• _Assigned task_: In the material below, find the line with "Poolmaster Jumbo Swan" and the line with "Адаптер OTG Type-C - USB Hoco UA17 (Черный)", then output both and every line between them exactly, omitting pictures.

• _Records provided_:
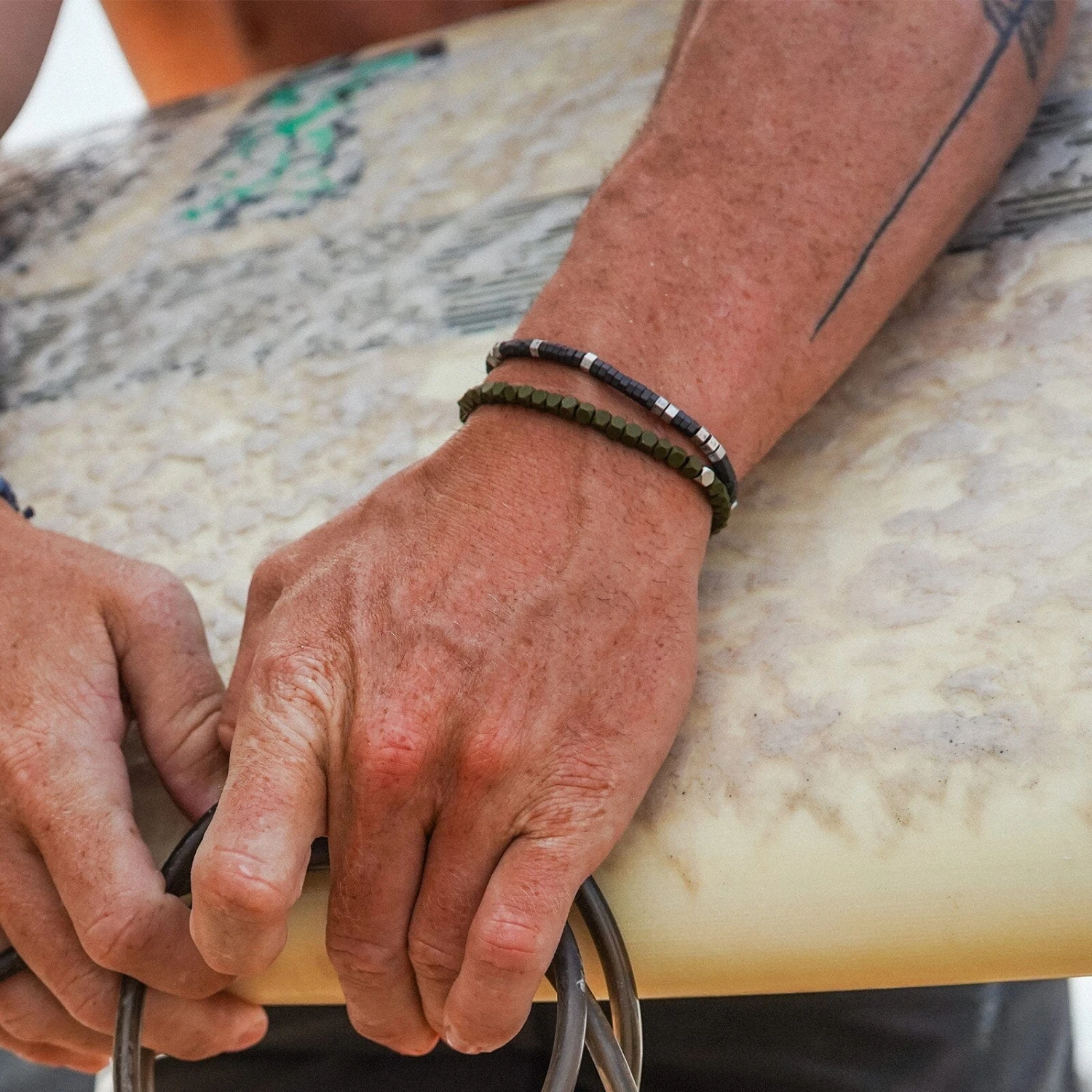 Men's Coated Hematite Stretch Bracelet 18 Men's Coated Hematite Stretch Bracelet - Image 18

---

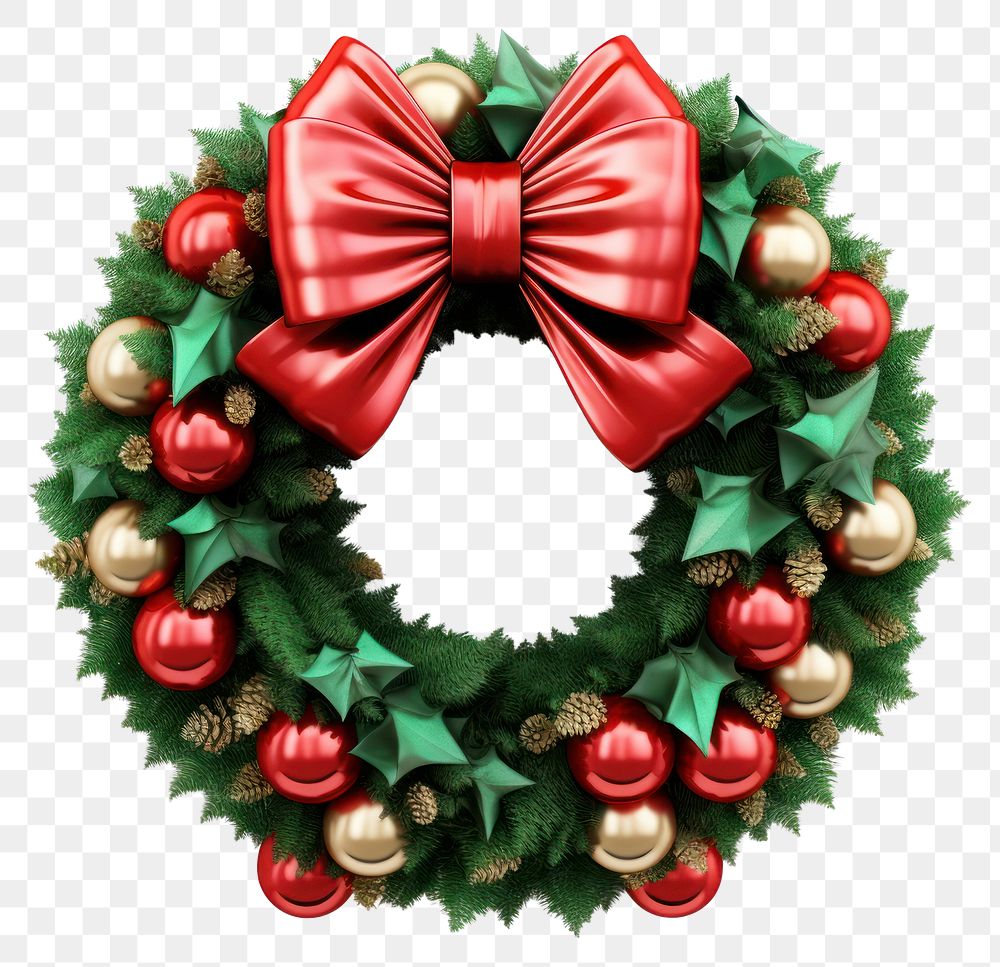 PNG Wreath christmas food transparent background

* * *

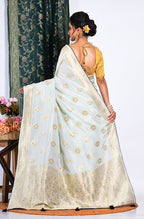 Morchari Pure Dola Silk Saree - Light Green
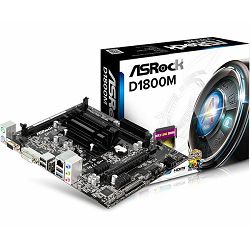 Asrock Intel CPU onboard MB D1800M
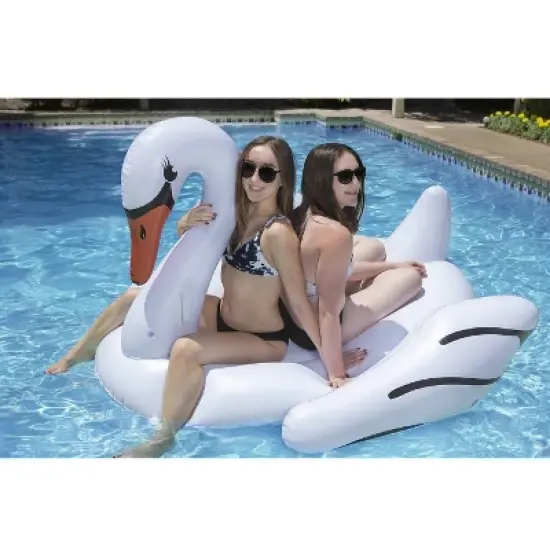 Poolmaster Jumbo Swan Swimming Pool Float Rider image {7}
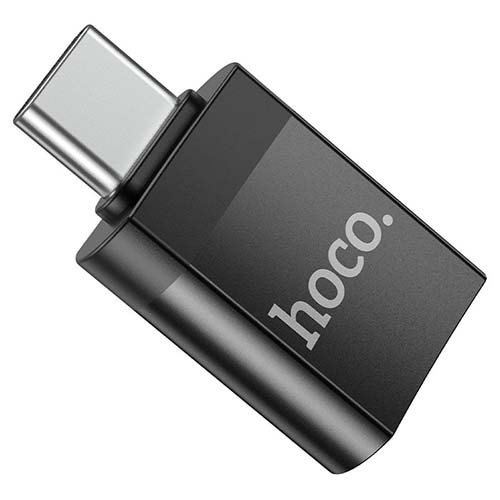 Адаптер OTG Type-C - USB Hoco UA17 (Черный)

• _Output of the exercise_:
 Poolmaster Jumbo Swan Swimming Pool Float Rider image {7}
 Адаптер OTG Type-C - USB Hoco UA17 (Черный)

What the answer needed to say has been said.